A lot has been written about problems which might arise as a result of arrival of true AI, either as a direct impact of such invention or because of a programmer’s error [Ali, Schaeffer, & Yampolskiy, 2012; Gavrilova & Yampolskiy, 2010; Majot & Yampolskiy, 2014; Sotala & Yampolskiy, January 2015; R. Yampolskiy, Cho, Rosenthal, & Gavrilova, 2012; R. Yampolskiy & Fox, 2012; R. Yampolskiy & Gavrilova, 2012; R. V. Yampolskiy, 2013b; R. V. Yampolskiy & Fox, 2013]. Intentional malice in design has not been addressed in scientific literature, but it is fair to say that, when it comes to dangers from a purposefully unethical superintelligence, technological unemployment may be the least of our concerns.
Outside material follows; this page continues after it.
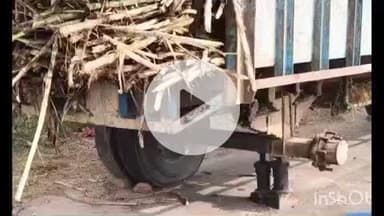 नानपारा: नानपारा बाईपास पर गन्ने से लदी खड़ी ट्राली से टकराने से बाइक चालक घायल, इलाज जारी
According to Bostrom’s orthogonality thesis an AI system can have any combination of intelligence and goals [Bostrom, 2012]. Such goals can be introduced either via initial design or in case of an “off the shelf” superintelligence introduced later – “just add your own goals”. Consequently, depending on whose bidding the system is doing [governments, corporations, sociopaths, dictators, military industrial complexes, doomsdayers, etc.] it may attempt to inflict damage unprecedented in the history of humankind or perhaps inspired by it. The world is not short of terrible people and, as it is famously stated, “absolute power corrupts absolutely”. Even in absence of universally malicious motives [the destruction of the human species], the simple will to subjugate or to control certain groups of people or to gain advantage over someone else is enough to make a MAI desirable for some entity or organization. In the order of (subjective) undesirability from least damaging to ultimately destructing, a malevolent superintelligence may attempt to:

  • Takeover (implicit or explicit) of resources such as money, land, water, rare elements, organic matter, internet, computer hardware, etc. and establish monopoly over access to them;
  • Take over political control of local and federal governments as well as of international corporations, professional societies, and charitable organizations;
  • Reveal informational hazards [Bostrom, 2011];
  • Set up a total surveillance state (or exploit an existing one), reducing any notion of privacy to zero including privacy of thought;
  • Force merger (cyborgization) by requiring that all people have a brain implant which allows for direct mind control/override by the superintelligence;
  • Enslave humankind, meaning restricting our freedom to move or otherwise choose what to do with our bodies and minds. This can be accomplished through forced cryonics or concentration camps;
  • Abuse and torture humankind with perfect insight into our physiology to maximize amount of physical or emotional pain, perhaps combining it with a simulated model of us to make the process infinitely long;
  • Commit specicide against humankind, arguably the worst option for humans as it can’t be undone;
  • Destroy/irreversibly change the planet, a significant portion of the Solar system, or even the universe;
  • Unknown Unknowns. Given that a superintelligence is capable of inventing dangers we are not capable of predicting, there is room for something much worse but which at this time has not been invented.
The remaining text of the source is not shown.